Paris has a “pollution alert” when they see 80 micro-grams of tiny particulate matter for every cubic meter of air (approximately what London experiences on a regular basis). However, data showed that Paris was experiencing 147 micro-grams of particulate matter per cubic meter, and levels only continued to climb as the week progressed.
This meant that one weekend of reduced CO2 emissions from the free transportation initiative just wasn’t enough.
Therefore, Paris, and 22 of the surrounding areas, decided to take it things to the next level by banning nearly half of vehicles from their roads on specific days.
On Mondays, private diesel and petrol cars and motorcycles with even registration numbers will be banned from the streets. On Tuesdays, cars with odd registration numbers will be banned from the streets. Hybrids and electric cars are exempt from the rule, as are cars carrying three of more passengers. All taxis, buses, emergency vehicles are also exempt, but trucks are banned.
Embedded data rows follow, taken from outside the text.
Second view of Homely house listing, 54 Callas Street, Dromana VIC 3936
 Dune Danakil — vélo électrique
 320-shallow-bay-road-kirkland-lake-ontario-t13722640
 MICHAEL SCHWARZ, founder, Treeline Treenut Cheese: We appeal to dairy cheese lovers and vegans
How will this rule be enforced?
Approximately 700 police officers will be stationed at checkpoints through the city., People who don’t obey the rules will be dealt a €22 ($31) fine.
This isn’t the first time they’ve tried the approach before in 1997 with good results. In an interview with the Minister for Ecology, Philippe Martin for Agence France-Presse, he stated that while he understood the “difficulties, the irritation and even anger” over the new move they “just had to take this decision”.
Public transport will remain free as the ban is in progress.
Paris is particularly vulnerable to air pollution due to a high portion of their population, 60% of motorists, driving diesel-engine cars. This is due to a misconception in the 1960s that diesel-engines were less polluting than petrol engines, that lead the French government to tax diesel-engines less heavily than petrol ones.
This lead to the French car giants, Renault and Peugeot-Citroen investing heavily in diesel engines, and these became the cars of choice for many Parisians.
So what do you think? Is this a practical response, or will it disrupt business and trade too much?